Going line by line through the records below, write out everything starting with the line containing "SPRUCE SWEATSHIRT - DARK MOSS" and going on through the line containing "JTDBR32E550055284 2005 TOYOTA", exactly and inclusively. Pictures do not go in.

■ **SUPPLIED DATA**

########

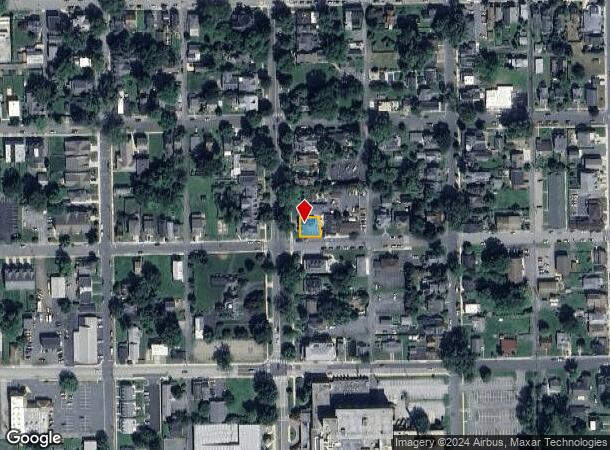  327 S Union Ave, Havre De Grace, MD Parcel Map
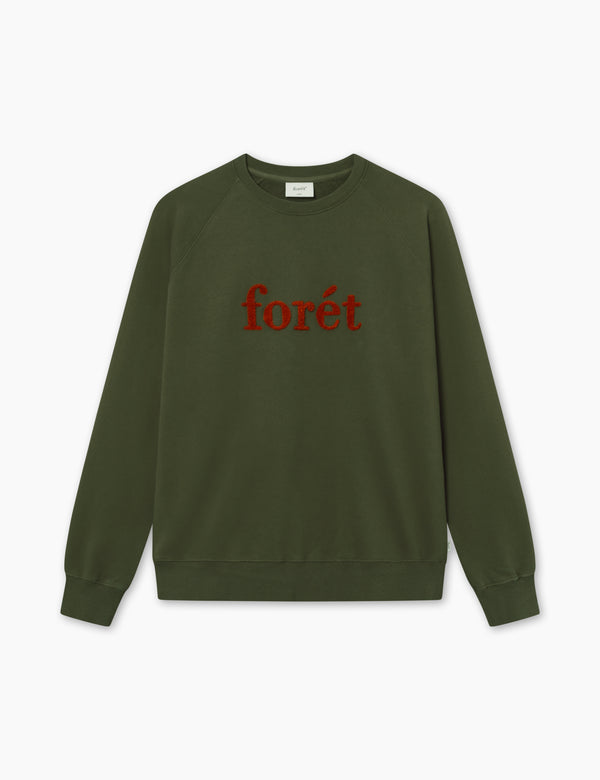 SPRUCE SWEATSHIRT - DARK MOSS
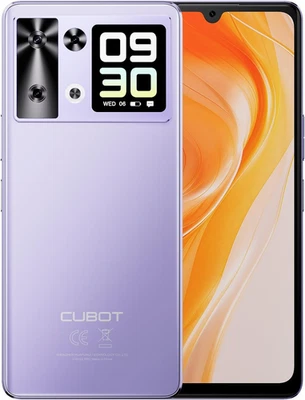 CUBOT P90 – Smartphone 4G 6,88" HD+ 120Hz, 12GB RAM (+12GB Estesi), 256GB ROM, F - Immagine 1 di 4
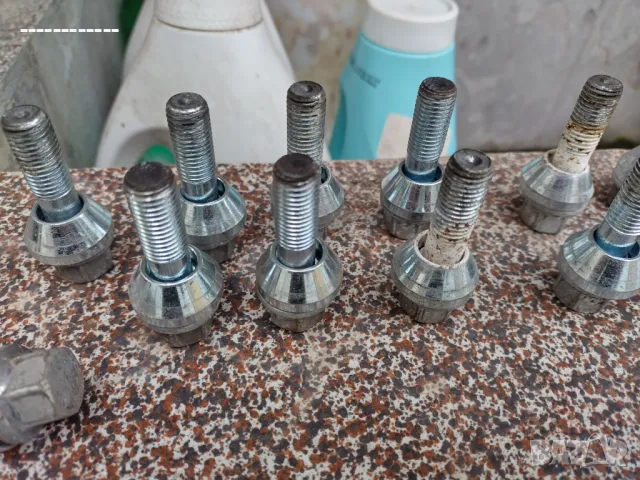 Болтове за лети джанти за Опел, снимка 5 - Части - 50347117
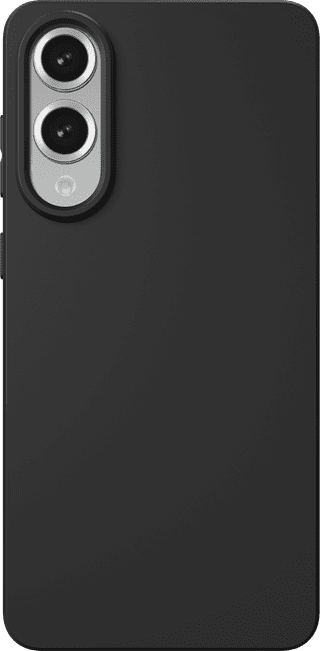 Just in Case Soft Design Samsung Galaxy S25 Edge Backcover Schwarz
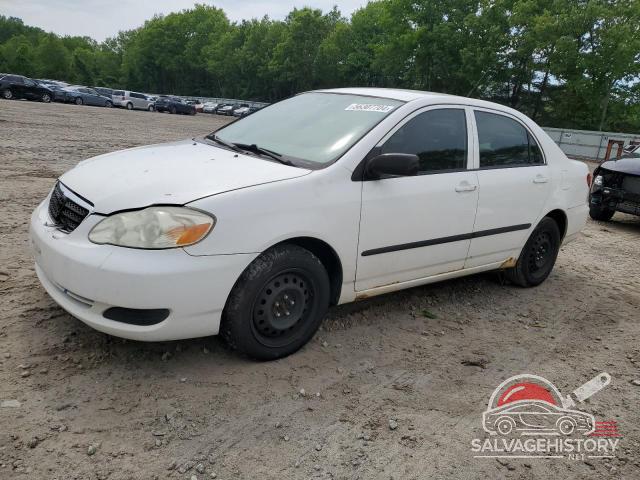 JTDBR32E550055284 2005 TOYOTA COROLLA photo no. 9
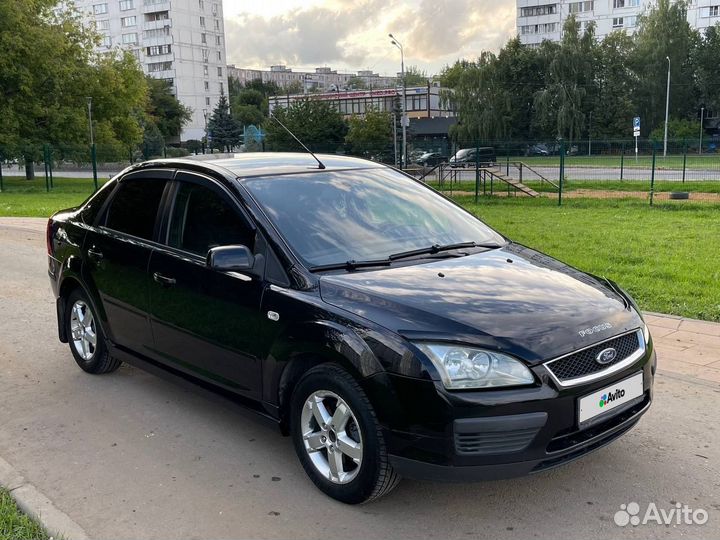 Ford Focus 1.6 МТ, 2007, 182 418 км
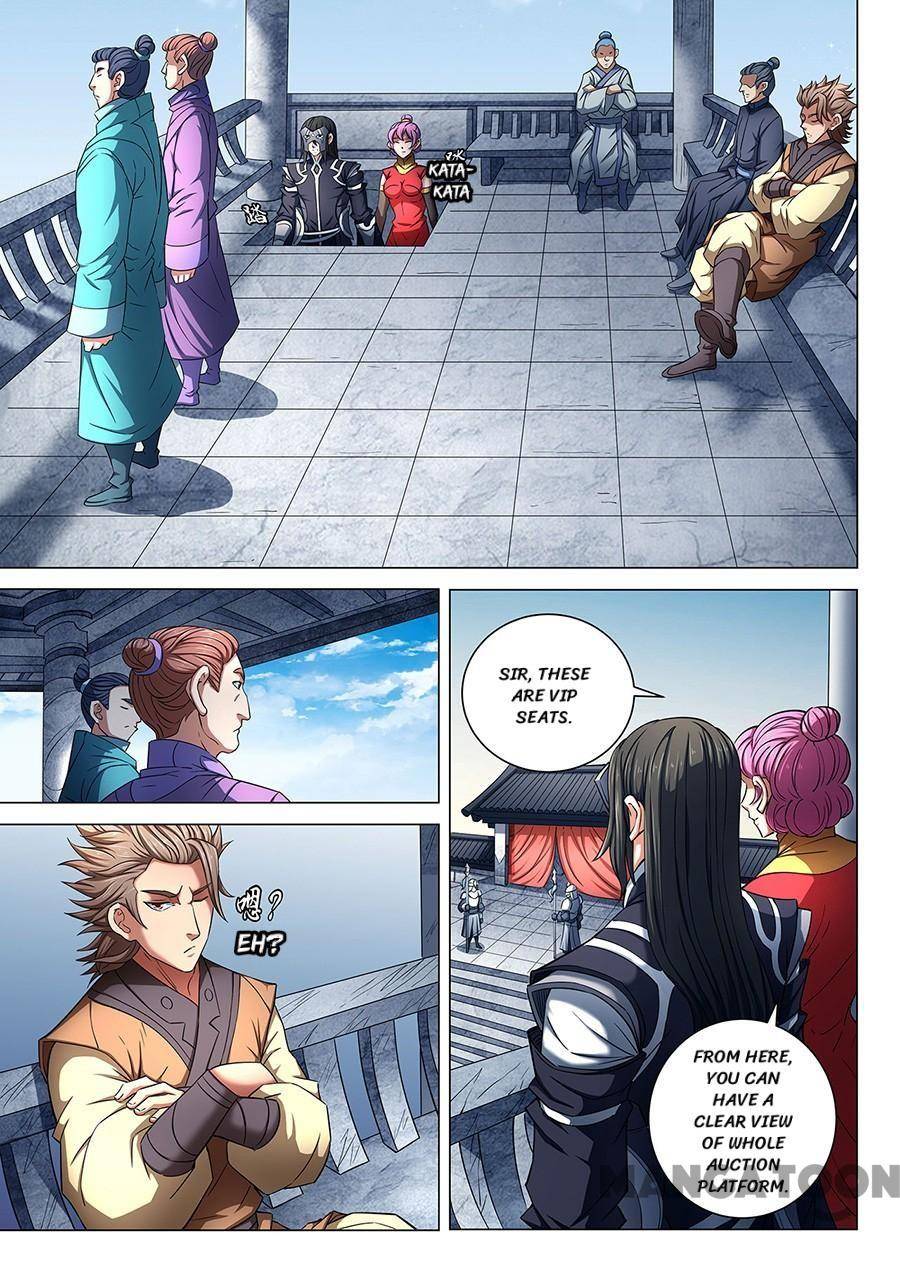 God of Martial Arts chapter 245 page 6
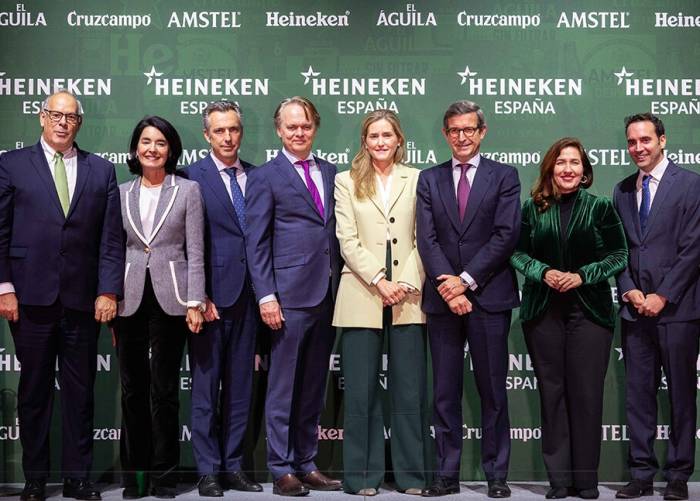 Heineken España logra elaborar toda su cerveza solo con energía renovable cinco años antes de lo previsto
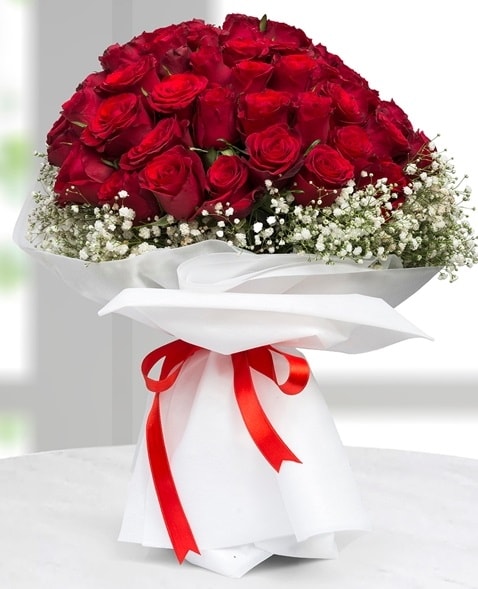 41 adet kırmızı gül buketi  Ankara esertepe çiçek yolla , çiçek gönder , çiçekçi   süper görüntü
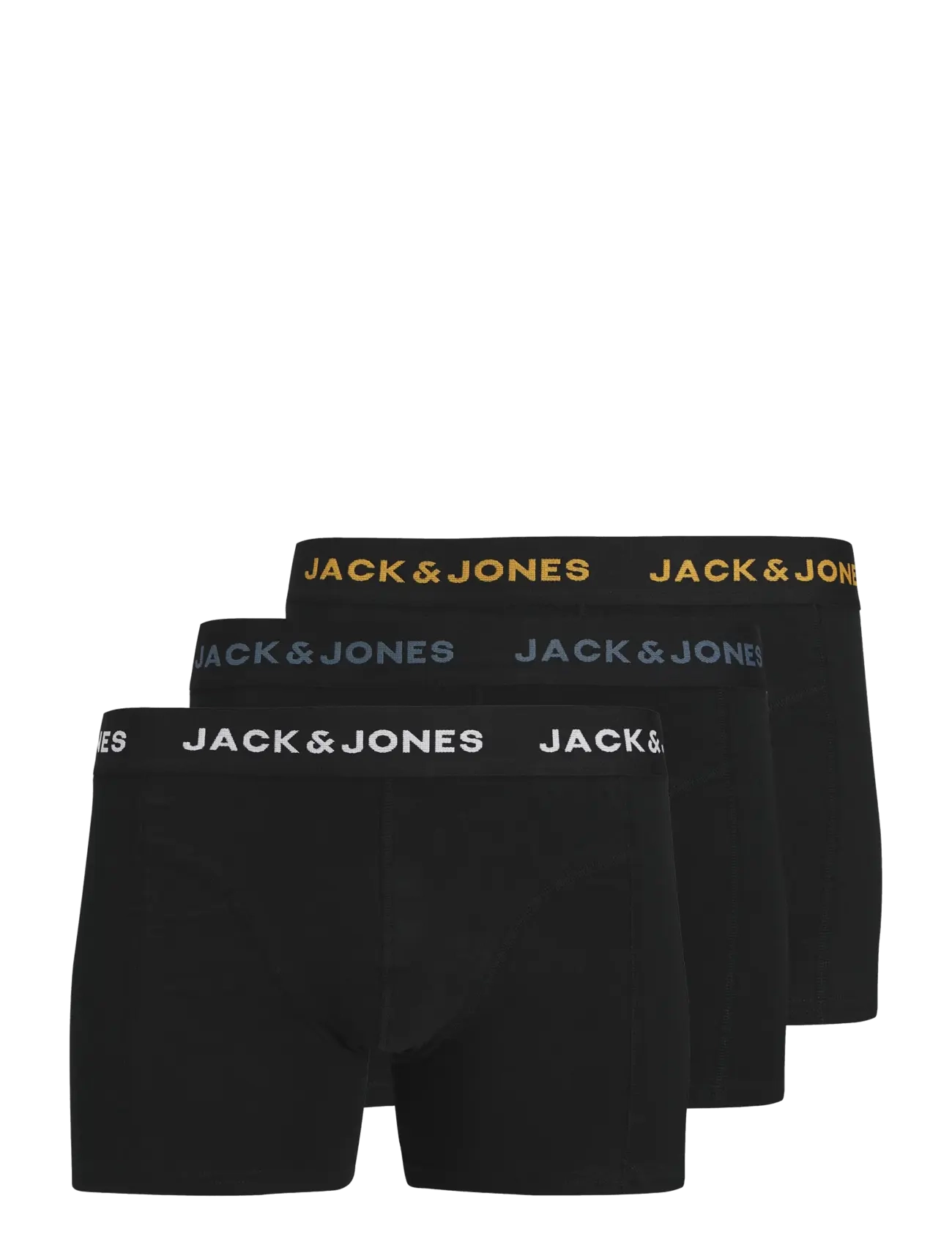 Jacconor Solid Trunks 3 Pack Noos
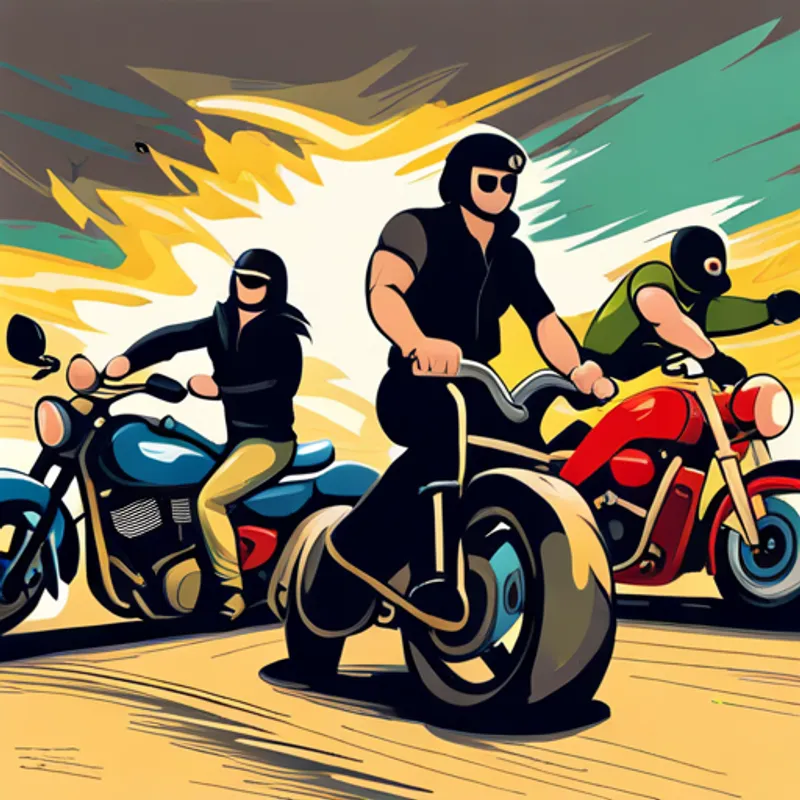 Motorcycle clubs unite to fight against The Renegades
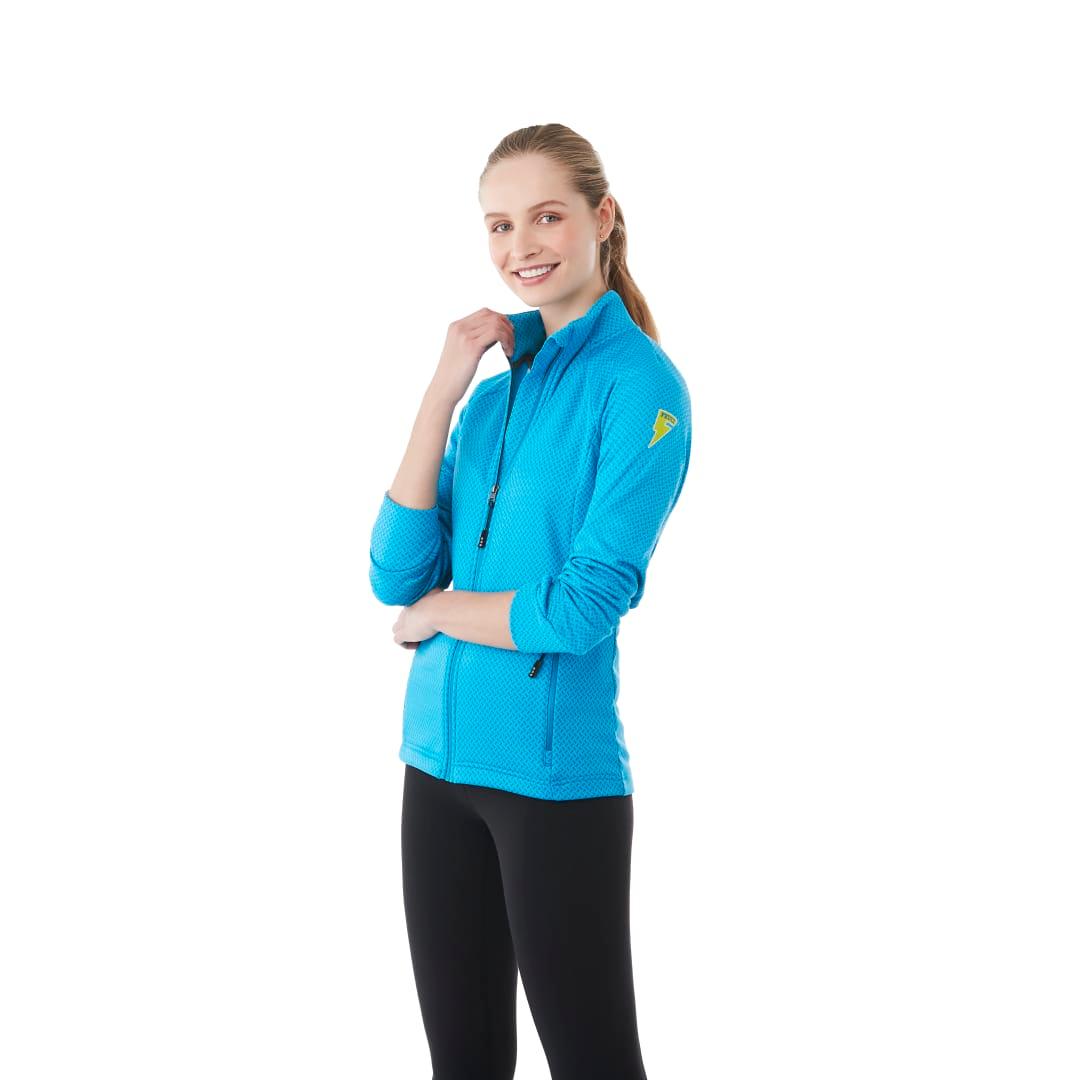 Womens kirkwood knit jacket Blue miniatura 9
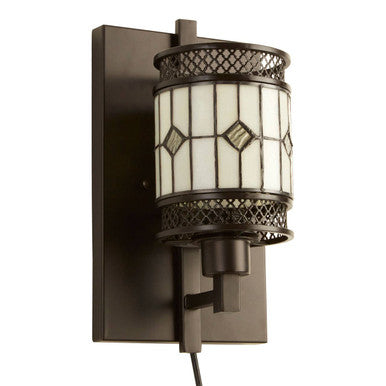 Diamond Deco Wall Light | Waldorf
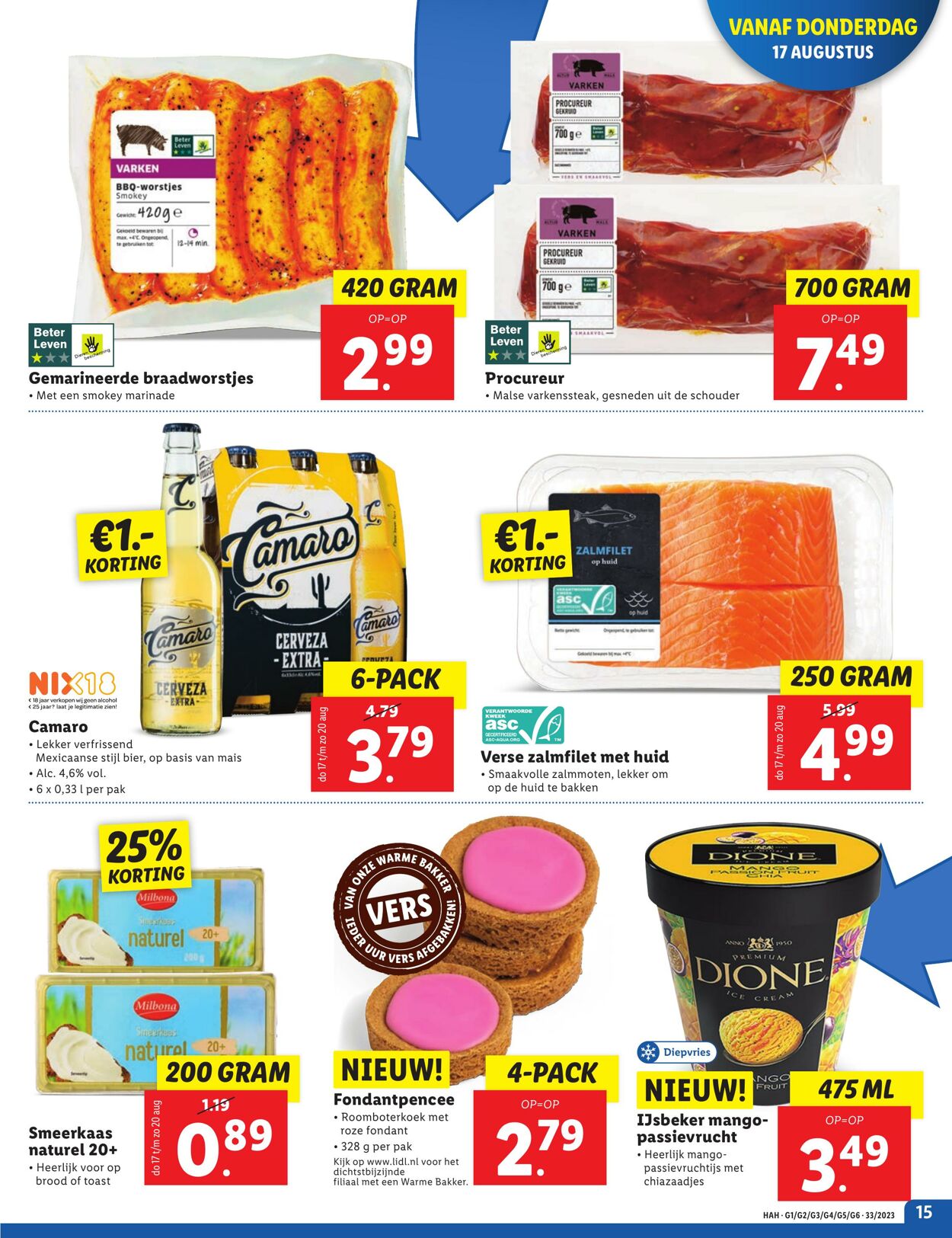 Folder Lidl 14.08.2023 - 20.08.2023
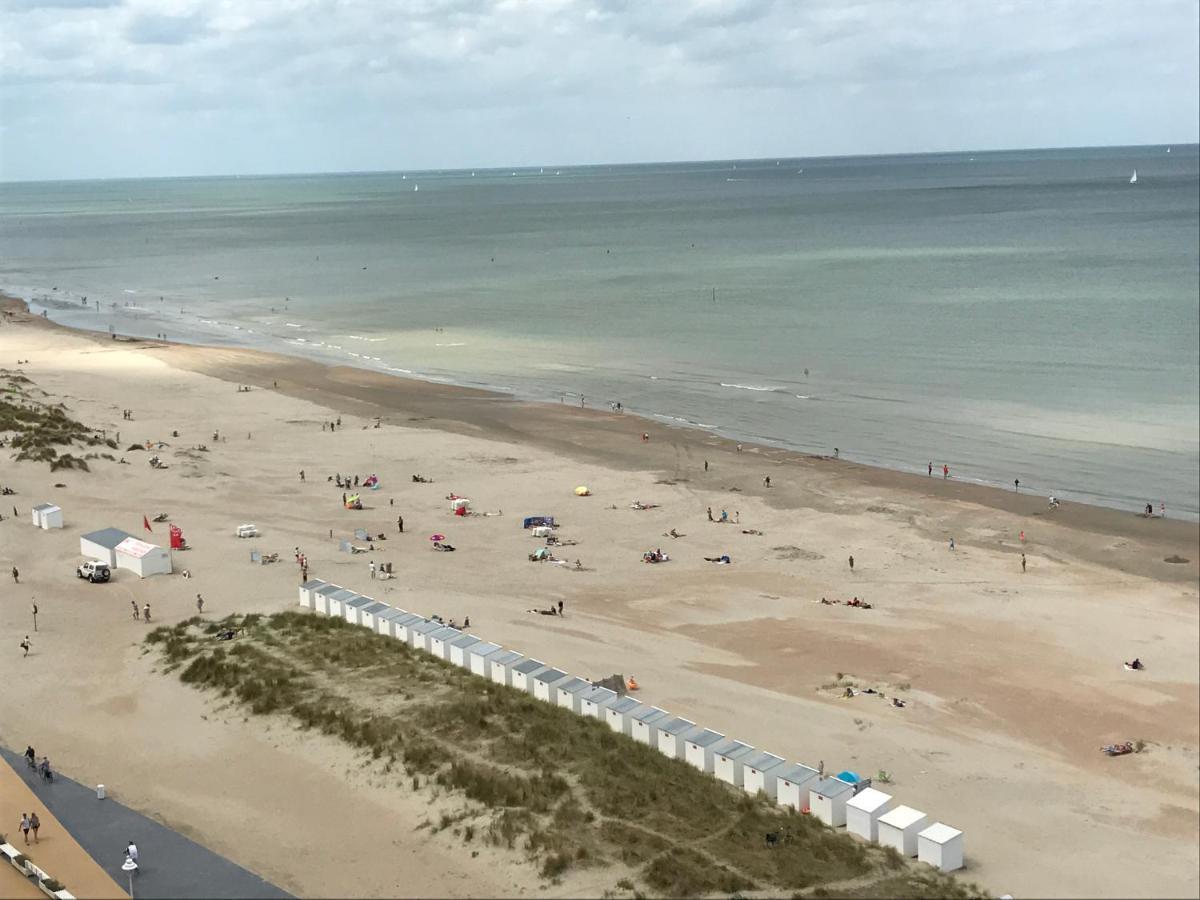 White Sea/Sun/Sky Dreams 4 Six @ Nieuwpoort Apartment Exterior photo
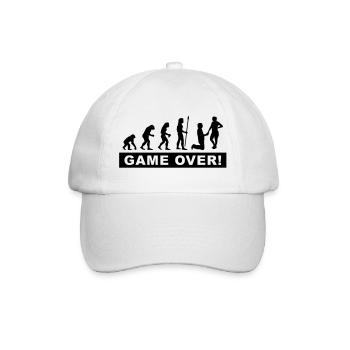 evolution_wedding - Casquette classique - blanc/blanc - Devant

########

■ **ANSWER AREA**
 SPRUCE SWEATSHIRT - DARK MOSS
 CUBOT P90 – Smartphone 4G 6,88" HD+ 120Hz, 12GB RAM (+12GB Estesi), 256GB ROM, F - Immagine 1 di 4
 Болтове за лети джанти за Опел, снимка 5 - Части - 50347117
 Just in Case Soft Design Samsung Galaxy S25 Edge Backcover Schwarz
 JTDBR32E550055284 2005 TOYOTA COROLLA photo no. 9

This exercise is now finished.